Every employee wants more money, but getting a significant salary increase requires planning. It's an effort that pays for itself and then some. Want a bigger paycheck for your next job? Then you must ask for a raise while in your current job. The more money you make now, the more you can command in the future.Here are some tips on how to ask for a raise (and get it).

Research First

Find out who makes the salary decisions in your company, and start planning three months in advance. Accurately assess your job accomplishments for the last 12 months. Show your manager how you have contributed to the company's bottom line. Provide facts and stats. Research salary levels for similar job titles, workloads and industries.

Assertiveness Pays Off

It's important to be assertive when asking for a raise. Be professional, positive, honest and direct with your manger. Employees who are too aggressive, who demand a raise or give ultimatums, stand a chance of getting fired. The opposite of this is being passive, of expecting to get a raise simply because you do your job. Take the initiative and strike just the right balance.

Practice Your Pitch

According to Forbes, practicing what you are going to say to your manager builds confidence. You can rehearse with a family member, friend or coach. It's also a good way to practice handling the objections your manger may confront you with. Prepare answers for objections such as "We have no budget for a raise" or "It's not the right time for a salary review." Come up with strong, logical answers to possible objections.

Conducting the Meeting

Schedule a salary review meeting with your manager.

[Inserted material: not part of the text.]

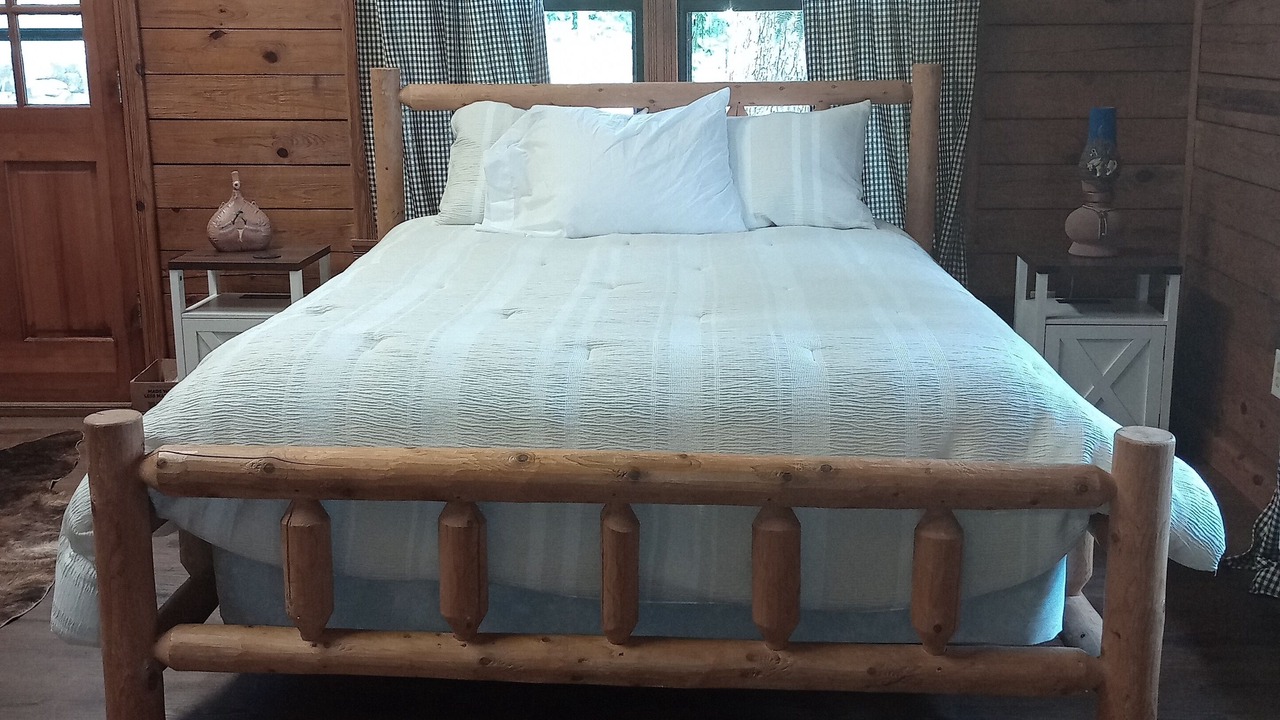 Photo of Bedroom in Montier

Let them know what the meeting is about. It's best to choose a time when things aren't hectic. Even better is to choose a time when things are going well in the company. At the meeting, focus on your accomplishments, your value to the company and your work ethic. A written list of your successful projects and their results should be used for reference. Make a copy for your manager. Request a raise based on your job performance and how it has contributed to he overall benefit of the company. Make it clear that you understand your worth as an employee.

What Not to Say

When discussing a salary increase, don't mention your debts, expenses or bills. Don't expect a raise based on financial need. Avoid looking desperate. Instead focus on the value your skills and job performance bring to the company. Asking for too much money also reduces your chances of getting a raise. Research, research, research before walking into the meeting.

Getting the Raise

If you manager denies your raise, all is not lost. During your meeting you can discuss your professional goals and aspirations and get feedback about your job performance and how you can improve. Ask for a re-evaluation in a few months. During this time, try to take on more responsibilities. Keep track of work-related accomplishments and learn to subtly self-promote. If you can show how your performance impacts the company, you have a better chance of getting that raise.